• [The task]: Word for word, copy the entire listing below, but do not carry over any pictures.

• [Exercise material]:

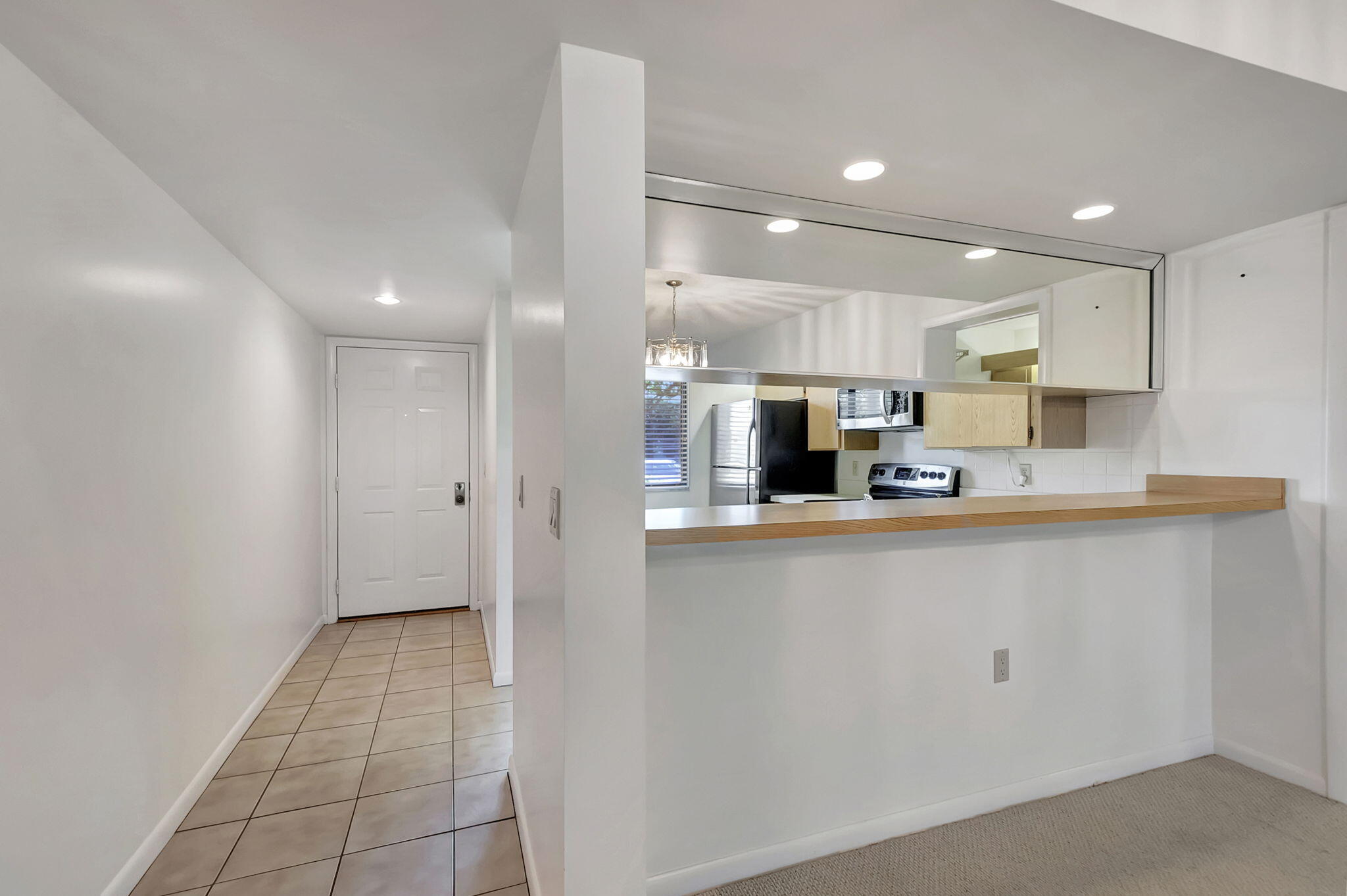 6145 Balboa Circle 102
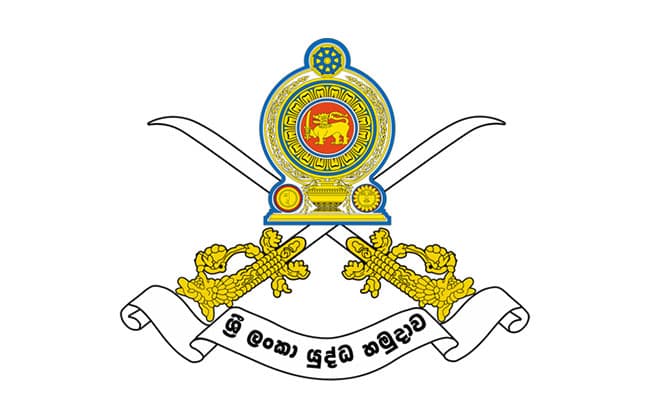 Army promotes 480 officers, over 8,000 other ranks to mark Independence Day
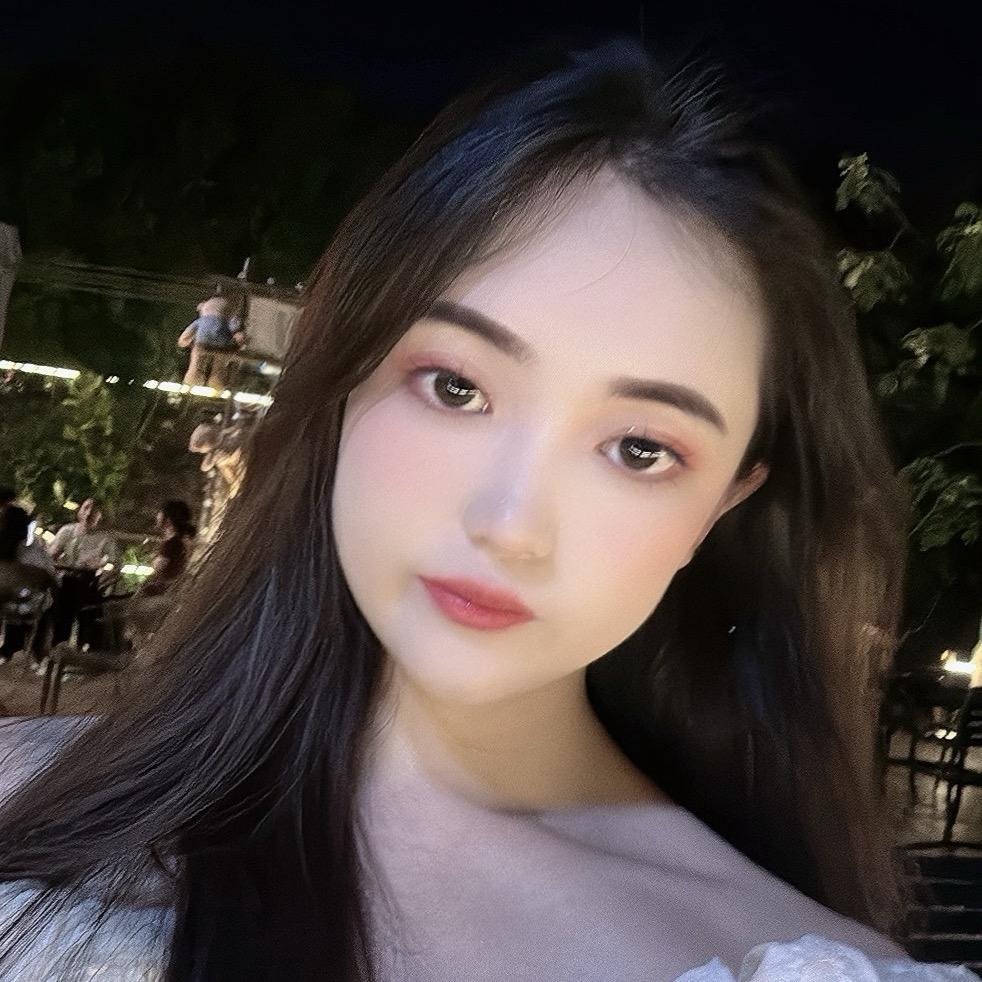 小兰呀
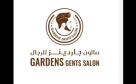 Gardens Gents Salon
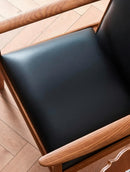 Gorathen Une | Accent Chair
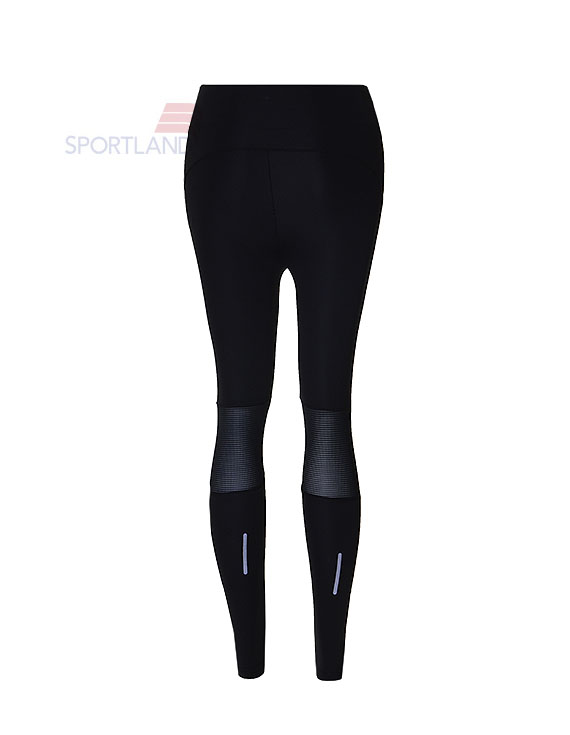 لگ ورزشی زنانه نایک Nike Comilla W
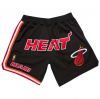 Men's Basketball Shorts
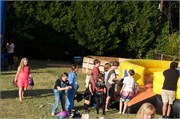 097-TrunkOrTreat2016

• [Output for this exercise]:
 6145 Balboa Circle 102
 Army promotes 480 officers, over 8,000 other ranks to mark Independence Day
 小兰呀
 Gardens Gents Salon
 Gorathen Une | Accent Chair
 لگ ورزشی زنانه نایک Nike Comilla W
 Men's Basketball Shorts
 097-TrunkOrTreat2016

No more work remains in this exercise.